Das Vertrauen der Bürger in den Markt ist erschüttert: Fast zwei Drittel der Befragten trauen laut einer Studie insbesondere Anbietern von Finanzprodukten und Lebensmitteln nicht mehr.

Korrespondenten: Thomas Wüpper (wüp)

Auf dem Deutschen Verbrauchertag in Berlin entfachte die neue Studie des Dachverbands der Verbraucherzentralen (VZBV) am Montag einige Debatten. Die Botschaft, die VZBV-Chef Gerd Billen im Wahljahr an Bundeskanzlerin Angela Merkel und die versammelte Politprominenz richtete, war eindeutig: Die Politik muss mehr als bisher für die Verbraucher und ihren Schutz tun.

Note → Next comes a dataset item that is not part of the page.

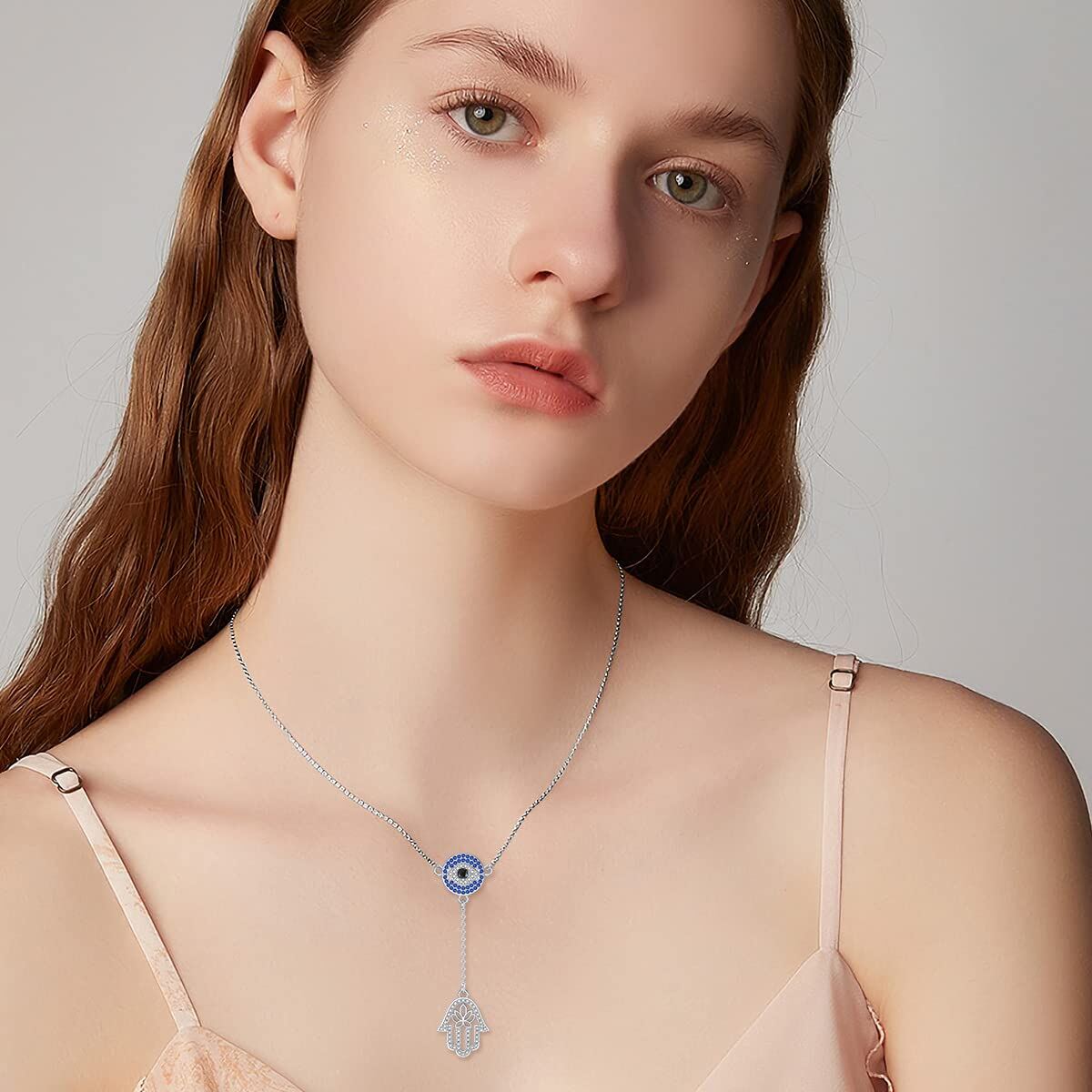 Sterling Silver Circular Cubic Zirconia Lotus With Evil Eye With Hamsa Hand Non-Adjustable Y-Necklace For Women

Der Markt stecke in einer Vertrauenskrise, so lautet Billens Fazit der repräsentativen Studie, die die Verbraucherschützer vom Meinungsforschungsinstitut Infas durchführen ließen. Demnach vermuten fast zwei Drittel der Befragten, dass es im Finanzbereich (63 Prozent) und bei Lebensmitteln (62 Prozent) Missstände und Produkte sowie Anbieter gebe, die Verbraucher täuschen und schädigen können. Befragt wurden 1000 Bürger zu den Kriterien ihrer Kaufentscheidungen.

 

„Das Vertrauensdefizit ist groß“, sagt Billen. Es sei nötig, dass Staat und Wirtschaft gegensteuern, Verbraucherinteressen ernst nehmen und für mehr Klarheit im Markt sorgen. Allerdings glaubt nur eine Minderheit, dass das wirklich gelingt und dadurch ein verbraucherfreundlicherer Markt entsteht. Nur 43 Prozent vertrauen in der Studie darauf, dass die Wirtschaft für Verbraucher nachteilige Produkte aussortiert. Und dem Staat traue das sogar nur noch jeder Dritte zu.

Die politischen Parteien haben den Verbraucherschutz offenbar zu wenig im Blick. Drei Monate vor der Bundestagswahl meint jeder vierte Befragte, keine Partei setze sich besonders dafür ein. Fast ein Drittel wusste gar keine Antwort. Mit 25 Prozent bekamen Bündnis 90/Die Grünen noch die meiste Zustimmung. Bei den Jüngeren bis 29 Jahren sind Union, SPD und Grüne fast gleichauf. „Wer Wähler als Verbraucher begreift und sie in ihrem Alltag stärkt, kann punkten“, sagt Billen. Die Parteien müssten ihr Profil schärfen und „mehr Verbraucherpolitik wagen“.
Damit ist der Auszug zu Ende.